*Required action*. Beginning at the line containing "Framed Print : Marianthus, pronaya and tetratheca species Framed", repeat each line below exactly up to and including the line containing "Scorpione Isolato Sfondo Bianco — Foto Stock". Do not repeat the pictures.

*Record set*.

----------

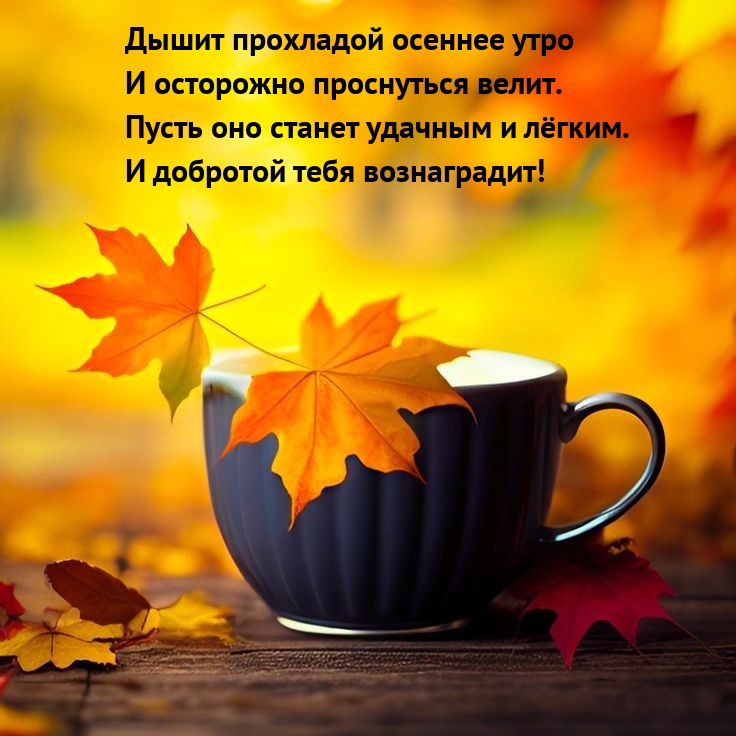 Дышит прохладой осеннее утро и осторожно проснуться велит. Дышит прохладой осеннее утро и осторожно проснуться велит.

----------

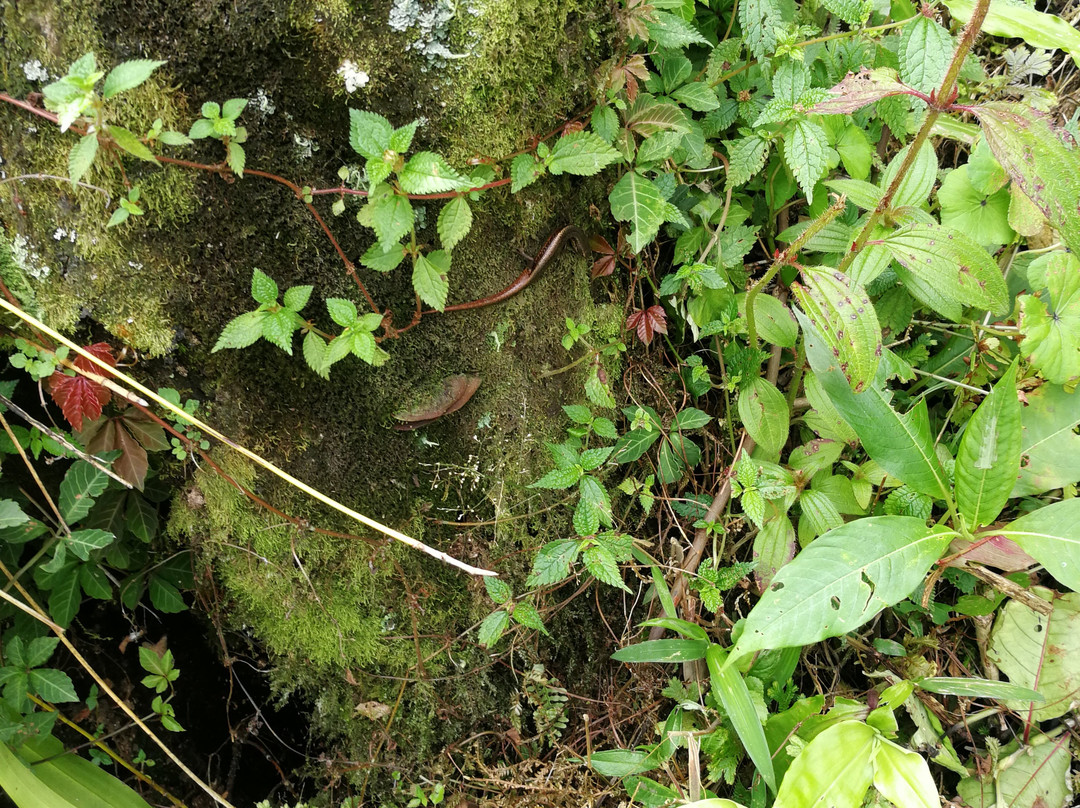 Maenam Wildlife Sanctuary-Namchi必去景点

----------

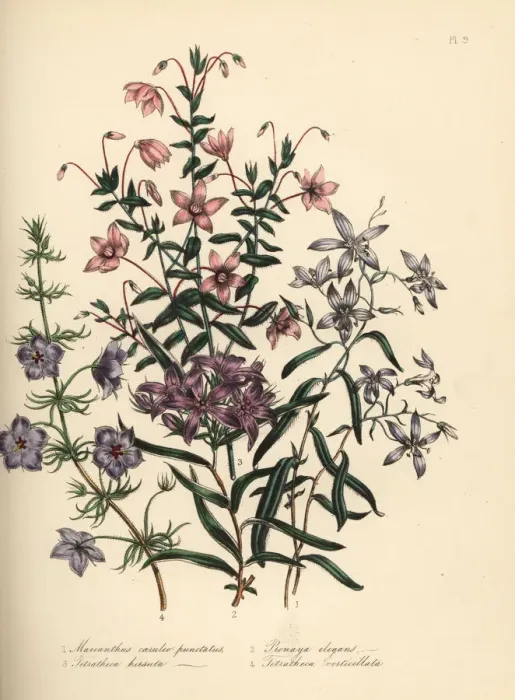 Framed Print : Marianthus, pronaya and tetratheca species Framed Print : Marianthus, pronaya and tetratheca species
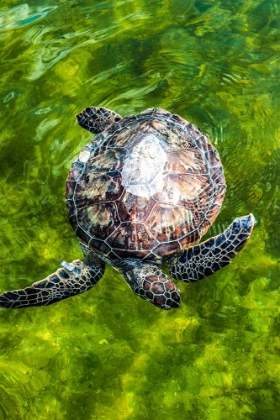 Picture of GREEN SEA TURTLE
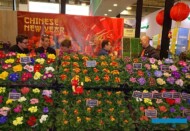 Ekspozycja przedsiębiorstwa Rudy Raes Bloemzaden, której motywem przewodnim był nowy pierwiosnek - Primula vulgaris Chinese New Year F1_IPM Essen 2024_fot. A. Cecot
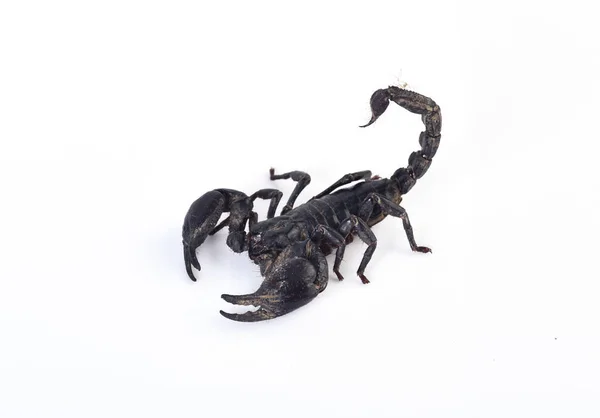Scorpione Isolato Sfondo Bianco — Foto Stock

----------

*Answer section*.
 Framed Print : Marianthus, pronaya and tetratheca species Framed Print : Marianthus, pronaya and tetratheca species
 Picture of GREEN SEA TURTLE
 Ekspozycja przedsiębiorstwa Rudy Raes Bloemzaden, której motywem przewodnim był nowy pierwiosnek - Primula vulgaris Chinese New Year F1_IPM Essen 2024_fot. A. Cecot
Scorpione Isolato Sfondo Bianco — Foto Stock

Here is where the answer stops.